▶ _Data under study_:
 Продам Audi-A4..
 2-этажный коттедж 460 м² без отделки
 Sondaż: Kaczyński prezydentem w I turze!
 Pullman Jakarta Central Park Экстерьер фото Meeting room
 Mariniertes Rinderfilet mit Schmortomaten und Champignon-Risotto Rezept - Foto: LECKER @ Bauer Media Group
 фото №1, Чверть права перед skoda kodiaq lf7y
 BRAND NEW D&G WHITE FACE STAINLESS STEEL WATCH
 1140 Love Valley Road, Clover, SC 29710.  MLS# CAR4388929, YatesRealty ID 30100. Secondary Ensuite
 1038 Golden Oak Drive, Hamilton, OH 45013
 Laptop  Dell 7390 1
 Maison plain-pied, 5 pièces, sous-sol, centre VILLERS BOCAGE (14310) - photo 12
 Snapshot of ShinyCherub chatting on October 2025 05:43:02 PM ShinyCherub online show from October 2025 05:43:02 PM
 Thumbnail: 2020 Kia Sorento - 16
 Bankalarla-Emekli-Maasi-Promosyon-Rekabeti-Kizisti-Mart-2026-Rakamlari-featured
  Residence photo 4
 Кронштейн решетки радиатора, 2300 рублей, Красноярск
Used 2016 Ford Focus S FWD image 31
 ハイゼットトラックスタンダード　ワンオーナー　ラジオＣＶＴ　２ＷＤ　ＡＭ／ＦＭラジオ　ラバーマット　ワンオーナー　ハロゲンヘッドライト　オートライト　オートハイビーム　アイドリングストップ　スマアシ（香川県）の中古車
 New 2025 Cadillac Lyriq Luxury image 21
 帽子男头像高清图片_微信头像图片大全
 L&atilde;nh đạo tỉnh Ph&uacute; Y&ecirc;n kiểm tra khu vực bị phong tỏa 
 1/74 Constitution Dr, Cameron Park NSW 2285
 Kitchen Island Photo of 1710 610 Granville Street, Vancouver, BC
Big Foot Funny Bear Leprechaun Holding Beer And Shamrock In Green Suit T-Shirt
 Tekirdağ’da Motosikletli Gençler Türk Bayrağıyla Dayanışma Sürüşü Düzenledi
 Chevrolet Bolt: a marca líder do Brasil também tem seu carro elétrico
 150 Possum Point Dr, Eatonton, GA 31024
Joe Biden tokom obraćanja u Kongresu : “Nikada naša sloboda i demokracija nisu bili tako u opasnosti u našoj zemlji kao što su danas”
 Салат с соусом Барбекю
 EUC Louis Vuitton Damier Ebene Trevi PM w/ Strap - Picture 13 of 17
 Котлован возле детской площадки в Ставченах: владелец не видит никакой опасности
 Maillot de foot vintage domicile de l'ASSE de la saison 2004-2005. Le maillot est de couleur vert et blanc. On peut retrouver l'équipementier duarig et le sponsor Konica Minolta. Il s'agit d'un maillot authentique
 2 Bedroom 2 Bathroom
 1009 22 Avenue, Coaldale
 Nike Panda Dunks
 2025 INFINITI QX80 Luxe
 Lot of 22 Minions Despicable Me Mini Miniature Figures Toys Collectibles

▶ _What you should do_:
From the line holding "150 Possum Point Dr, Eatonton, GA 31024" to the end of the listing, copy every line exactly, both ends included, and add nothing.

▶ _Exercise output_:
 150 Possum Point Dr, Eatonton, GA 31024
Joe Biden tokom obraćanja u Kongresu : “Nikada naša sloboda i demokracija nisu bili tako u opasnosti u našoj zemlji kao što su danas”
 Салат с соусом Барбекю
 EUC Louis Vuitton Damier Ebene Trevi PM w/ Strap - Picture 13 of 17
 Котлован возле детской площадки в Ставченах: владелец не видит никакой опасности
 Maillot de foot vintage domicile de l'ASSE de la saison 2004-2005. Le maillot est de couleur vert et blanc. On peut retrouver l'équipementier duarig et le sponsor Konica Minolta. Il s'agit d'un maillot authentique
 2 Bedroom 2 Bathroom
 1009 22 Avenue, Coaldale
 Nike Panda Dunks
 2025 INFINITI QX80 Luxe
 Lot of 22 Minions Despicable Me Mini Miniature Figures Toys Collectibles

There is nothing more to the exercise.